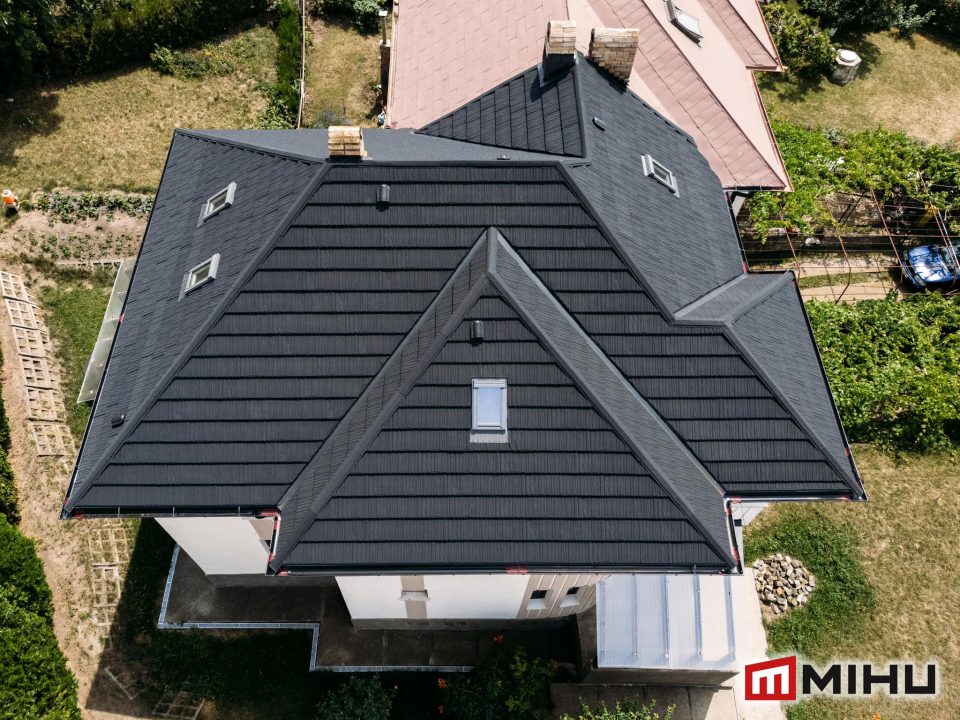 Acoperiş din TABLĂ CU PIATRĂ în Suceava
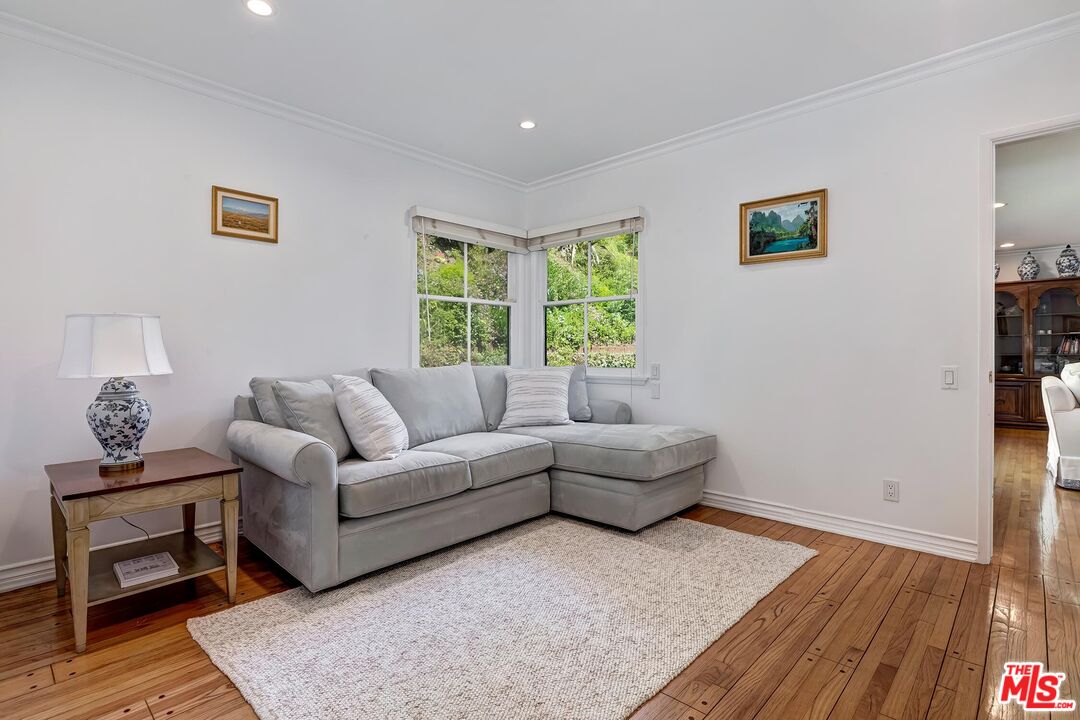 1048 Roscomare Road Los Angeles, CA 90077 - Photo 21 of 41 Gallery Image 21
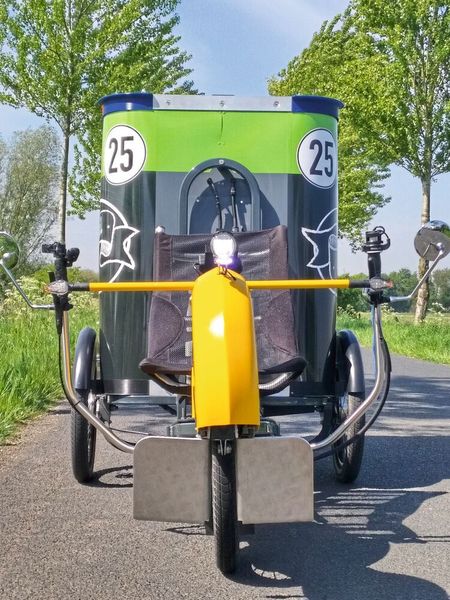 Das Ausliefern von Waren liegt bei Supermärkten stark im Trend, gerade in Großstädten.  (RM Customs GbR)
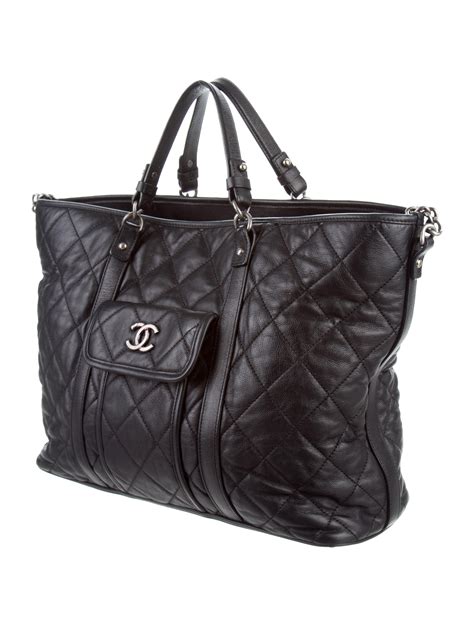 chanel large zipped shopping bag.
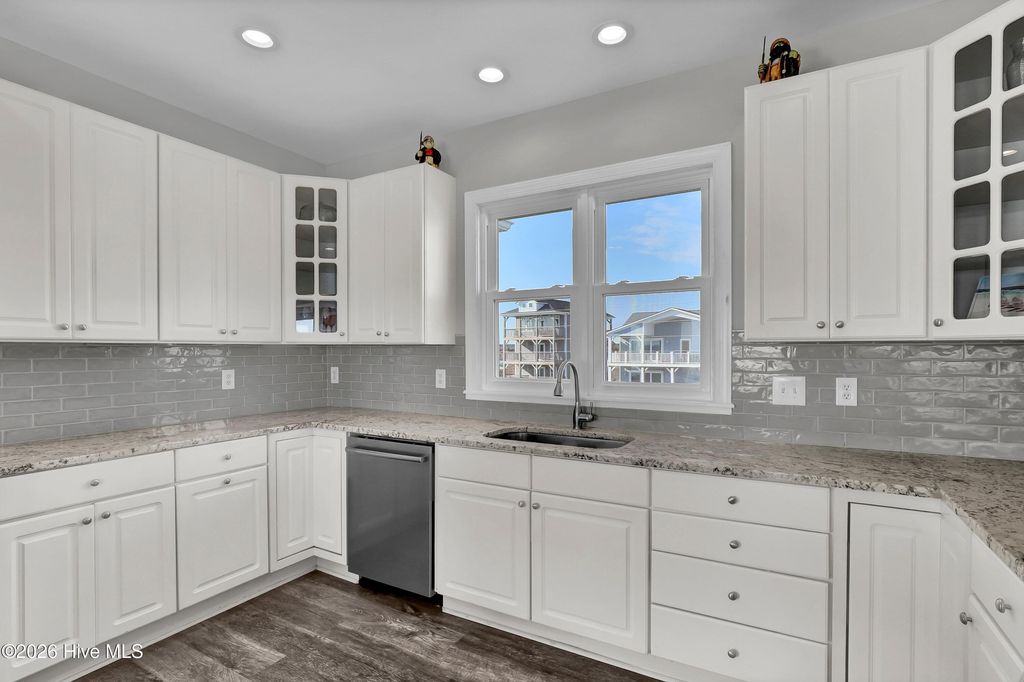 Image 5 of property listing at 1078 New River Inlet Road, Sneads Ferry, NC 28460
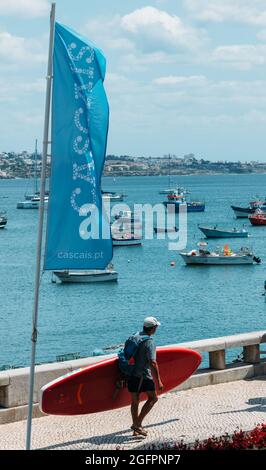 CASCAIS, PORTOGALLO - 07 agosto 2021: Un colpo verticale della costa dell'Oceano Atlantico settentrionale a Cascais, Portogallo, in una giornata estiva soleggiata Foto Stock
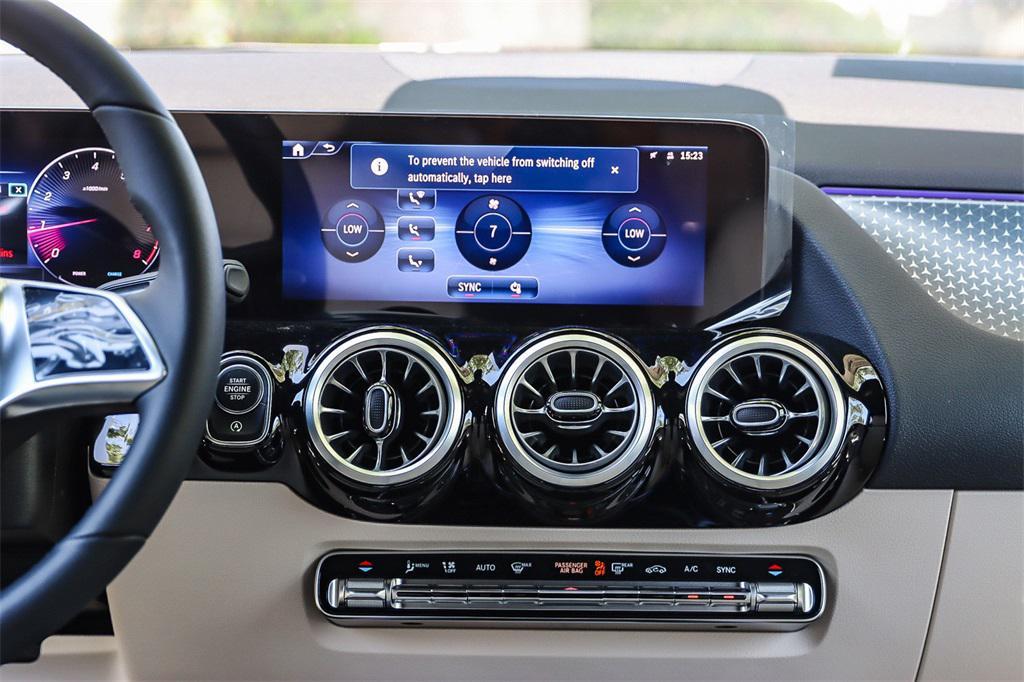 new 2025 Mercedes-Benz GLA 250 car, priced at $45,845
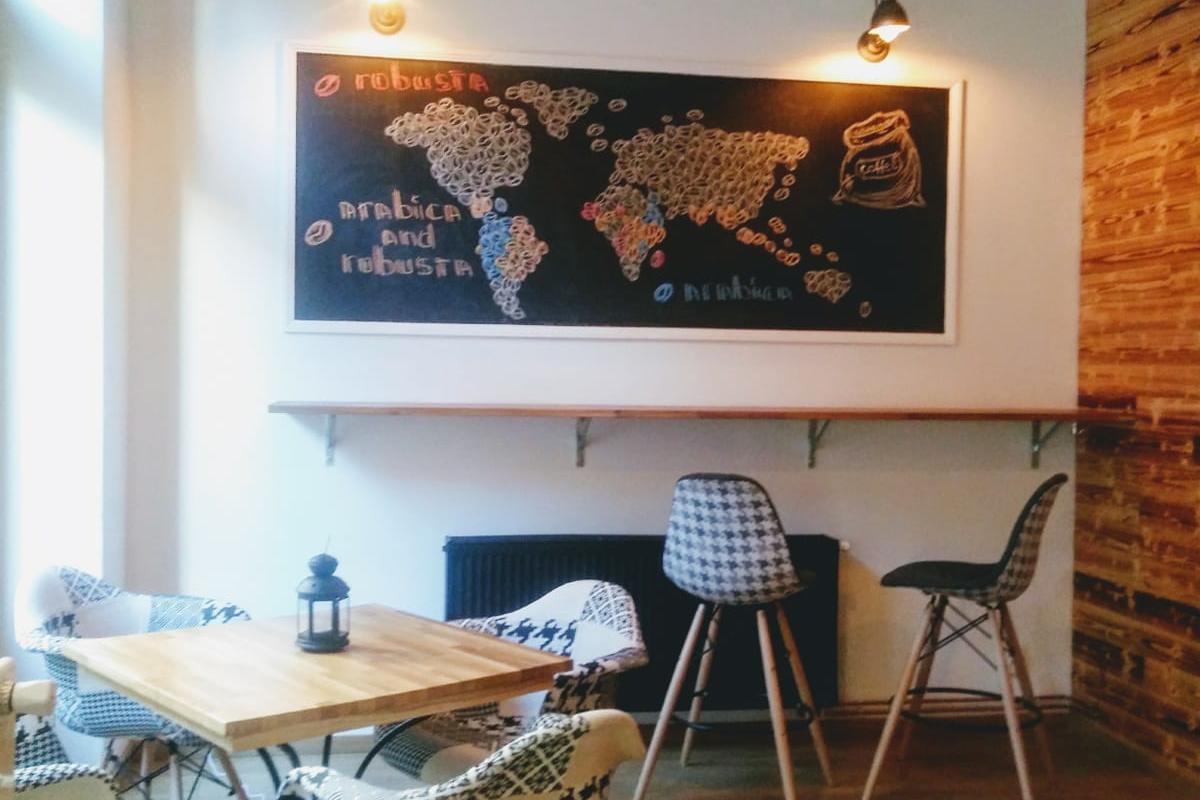 Kavárna - Cukrárna Elvíra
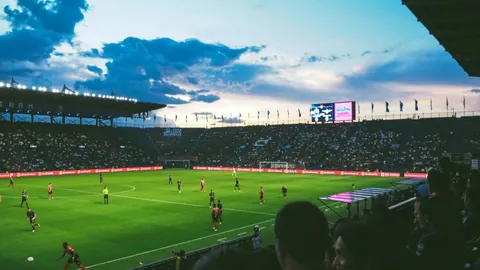 英联杯激战：阿申纳3-2绝杀水晶宫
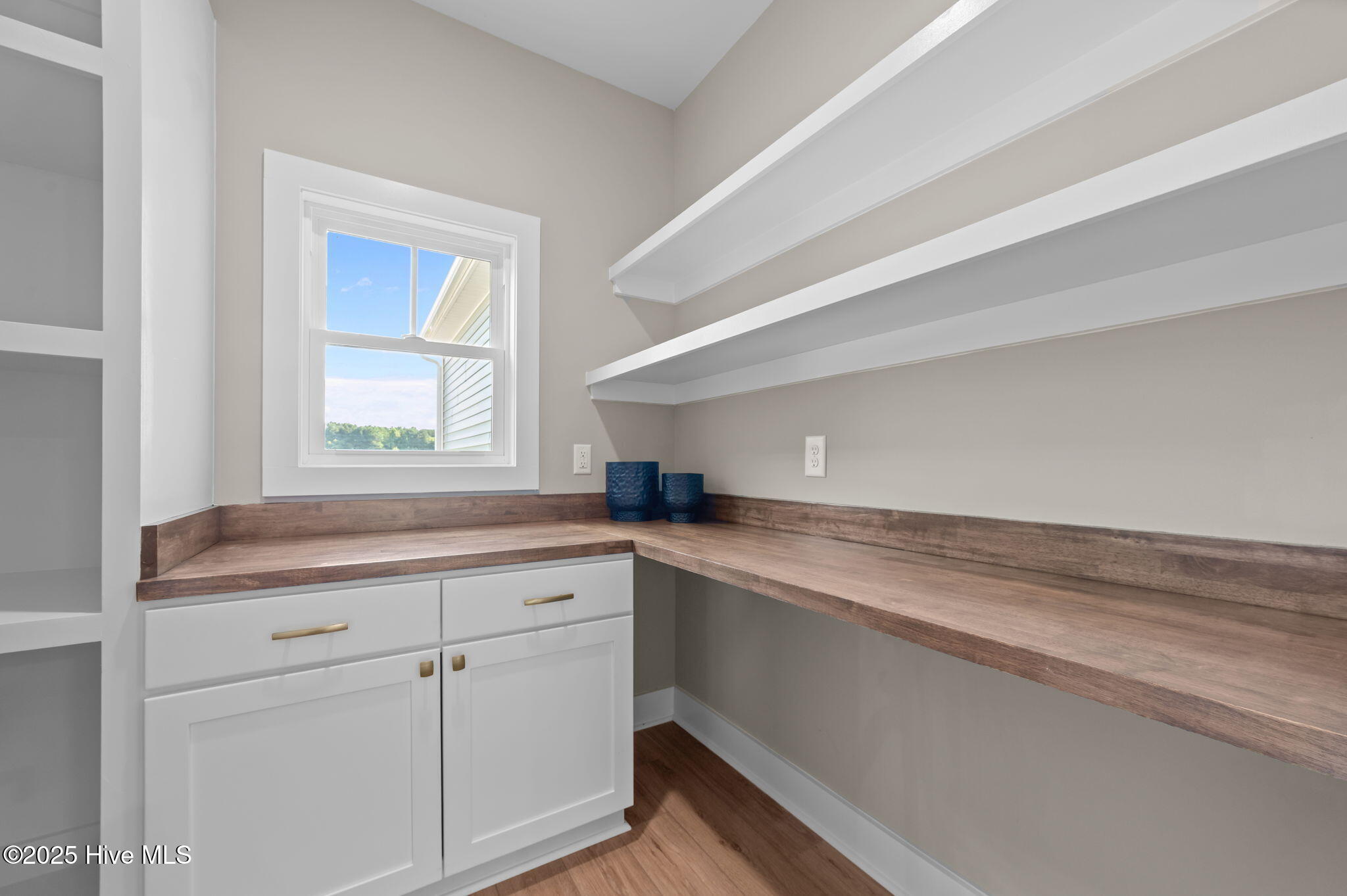 2302 Williams Farm Road Greenville, NC 27858 - Photo 8 of 13 42-web-or-mls-LHV_1461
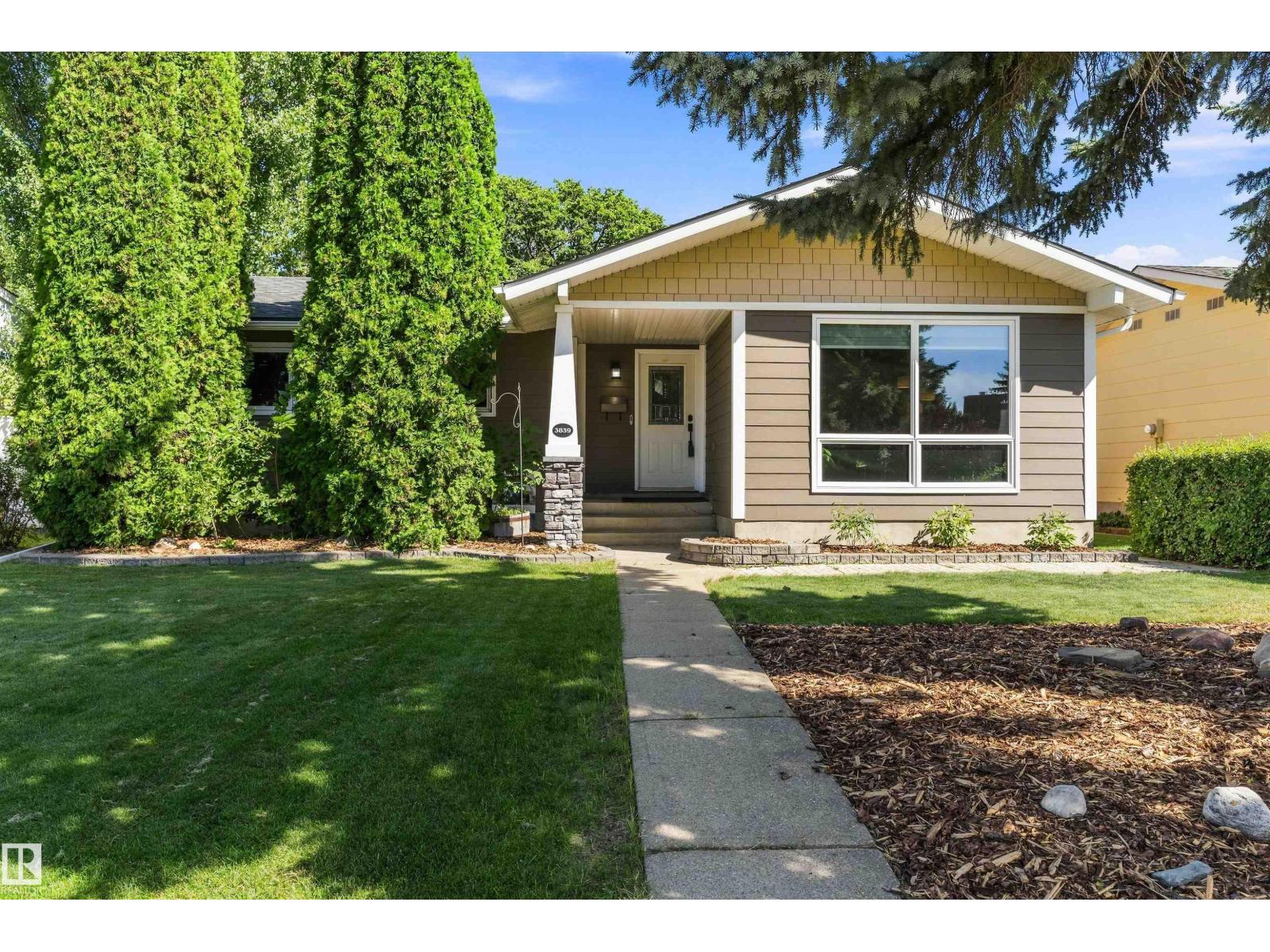 3839 117 St Nw Property Photo 1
· · · ·
* TASK STATEMENT: Exact reproduction is required for the lines from the one containing "CASCAIS, PORTOGALLO - 07" through the end of the material, and for those lines only, without pictures.

* RESPONSE TO THIS TASK:
 CASCAIS, PORTOGALLO - 07 agosto 2021: Un colpo verticale della costa dell'Oceano Atlantico settentrionale a Cascais, Portogallo, in una giornata estiva soleggiata Foto Stock
 new 2025 Mercedes-Benz GLA 250 car, priced at $45,845
 Kavárna - Cukrárna Elvíra
 英联杯激战：阿申纳3-2绝杀水晶宫
 2302 Williams Farm Road Greenville, NC 27858 - Photo 8 of 13 42-web-or-mls-LHV_1461
 3839 117 St Nw Property Photo 1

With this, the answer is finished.